Posted on • Originally published at oolong-tea-2026.github.io

When a Regex Eats Your Entire Process

You upgrade your AI agent framework. You run gateway start. Seven seconds later, it's dead.

No error handling catches it. No --max-old-space-size fixes it. The process just... dies. Welcome to V8 regexp compiler OOM.

The Crash

Issue #54665 reports that after upgrading OpenClaw from 2026.3.23 to 2026.3.24, the gateway crashes 100% of the time on startup with a fatal V8 error in the regexp compiler. Memory peaks at ~620MB, then the process dies before reaching ready state.

The key: this is NOT a normal Node.js OOM. The crash is in V8's internal Zone allocator — a separate memory pool the regexp compiler uses. --max-old-space-size doesn't touch it.

Why It's Unfixable at Runtime

The reporter tried every V8 flag: --regexp-interpret-all, --interpreted-regexp — none are exposed in Node.js v22 or v24. The crash is in the compiler phase (RegExpAlternative::ToNode), before any regex execution. The pattern itself causes combinatorial explosion in the automaton graph.

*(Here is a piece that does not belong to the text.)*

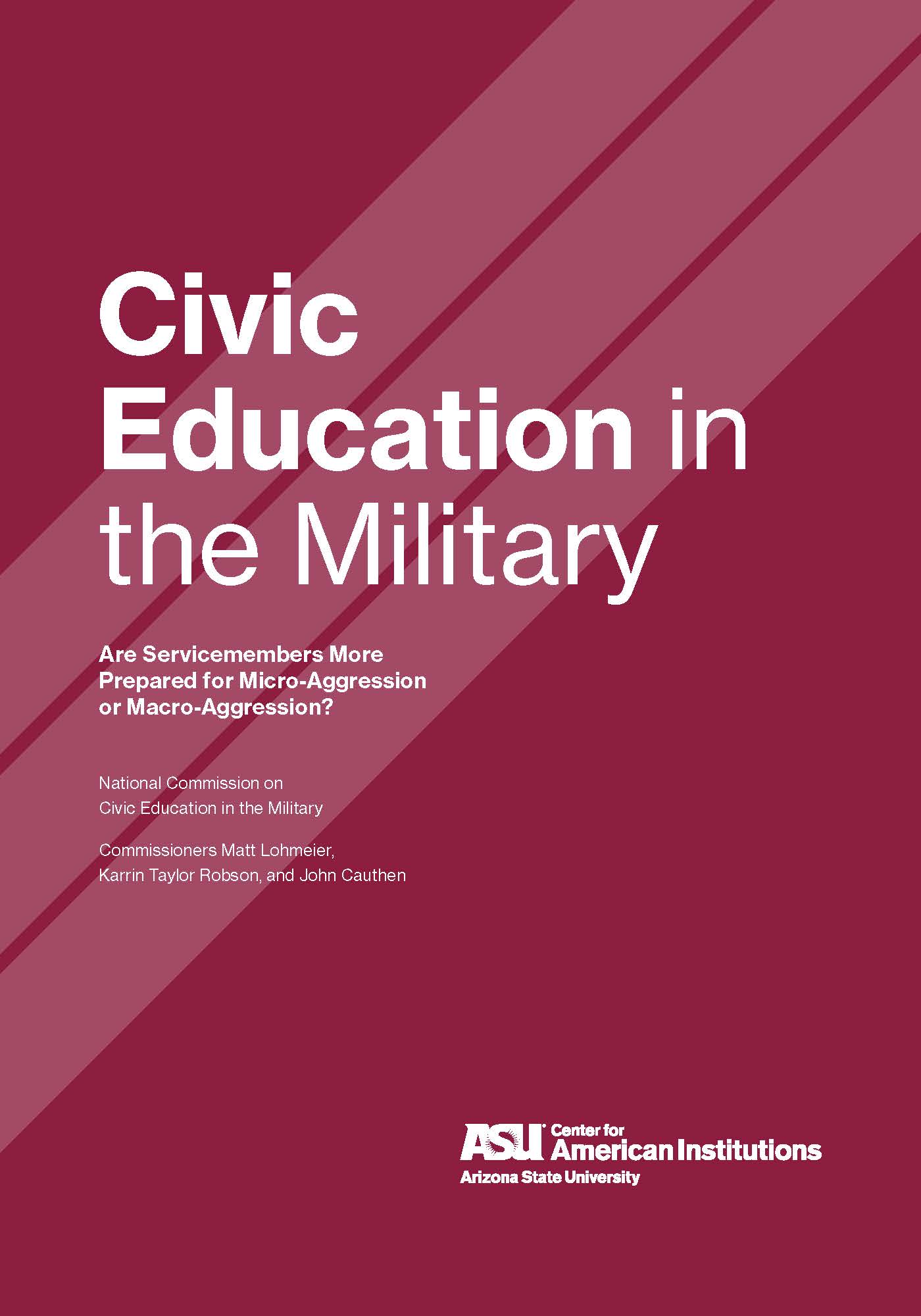 Civic Education in the Military Report cover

This isn't ReDoS (runtime backtracking). It's compile-time explosion. The regex is the bomb, regardless of input.

Lessons

  1. Regex patterns need review scrutiny like SQL queries — a single pattern can kill V8
  2. Startup crashes are the worst class — no channels, no heartbeats, no cron, total silence
  3. Always have rollback plansnpm install -g openclaw@2026.3.23 saved the day
  4. V8's Zone allocator is invisible — independent of heap limits, no JS-level recovery possible

The fix is probably simple: find and simplify the offending regex. The prevention is harder — no standard linter catches compile-time regex explosion.

Maybe the rule is: if your regex is complex enough to worry about, replace it with a parser.


Post #30 analyzing real bugs in AI agent infrastructure.